**SUPPLIED INFORMATION**
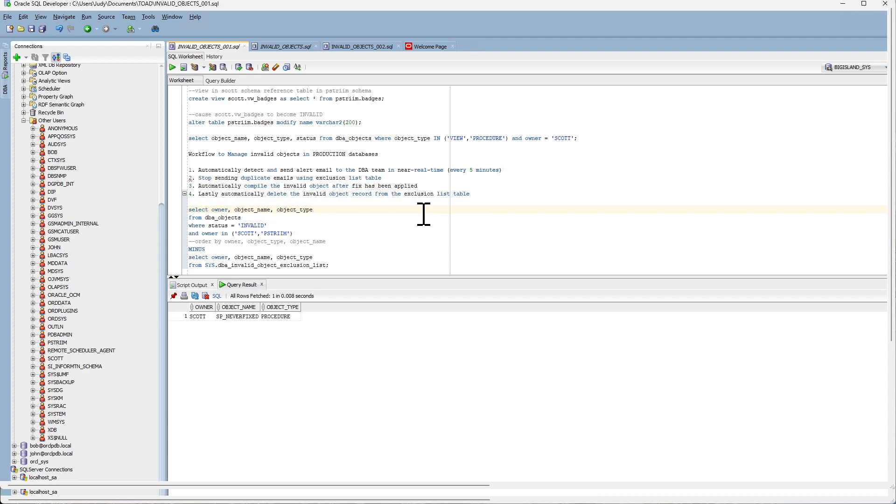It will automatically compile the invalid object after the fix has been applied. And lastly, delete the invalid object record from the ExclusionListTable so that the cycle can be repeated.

---

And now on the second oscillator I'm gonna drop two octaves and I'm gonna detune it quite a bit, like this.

* * *

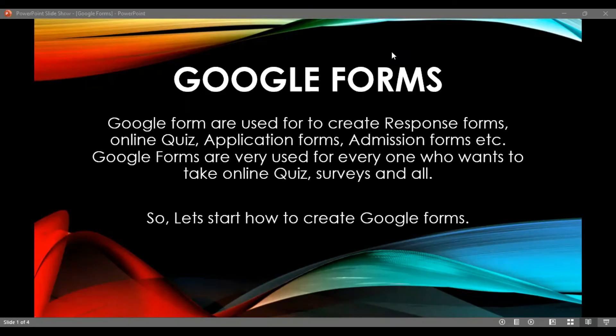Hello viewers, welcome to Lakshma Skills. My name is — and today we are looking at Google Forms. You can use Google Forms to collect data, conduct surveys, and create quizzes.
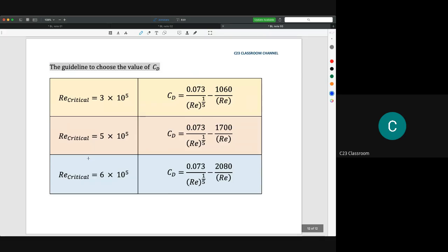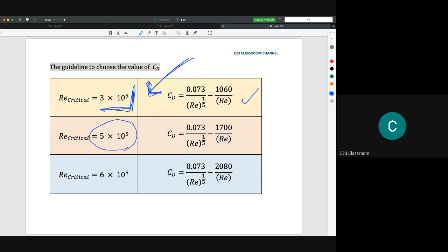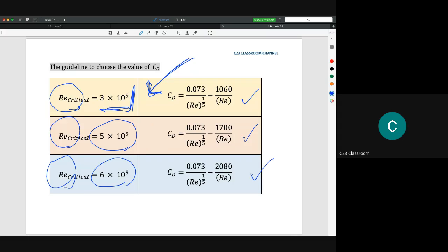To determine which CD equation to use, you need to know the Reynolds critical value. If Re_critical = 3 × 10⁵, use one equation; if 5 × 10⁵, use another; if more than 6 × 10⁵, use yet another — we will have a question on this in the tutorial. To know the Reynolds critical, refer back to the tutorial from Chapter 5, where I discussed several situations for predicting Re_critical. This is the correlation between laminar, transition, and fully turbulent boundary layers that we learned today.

**WORK TO COMPLETE**
Look above for the line with "Hello viewers, welcome" and the line with "To determine which"; set down those two lines and all lines between them exactly, without pictures and without anything else.

**RESPONSE BOX**
Hello viewers, welcome to Lakshma Skills. My name is — and today we are looking at Google Forms. You can use Google Forms to collect data, conduct surveys, and create quizzes.
To determine which CD equation to use, you need to know the Reynolds critical value. If Re_critical = 3 × 10⁵, use one equation; if 5 × 10⁵, use another; if more than 6 × 10⁵, use yet another — we will have a question on this in the tutorial. To know the Reynolds critical, refer back to the tutorial from Chapter 5, where I discussed several situations for predicting Re_critical. This is the correlation between laminar, transition, and fully turbulent boundary layers that we learned today.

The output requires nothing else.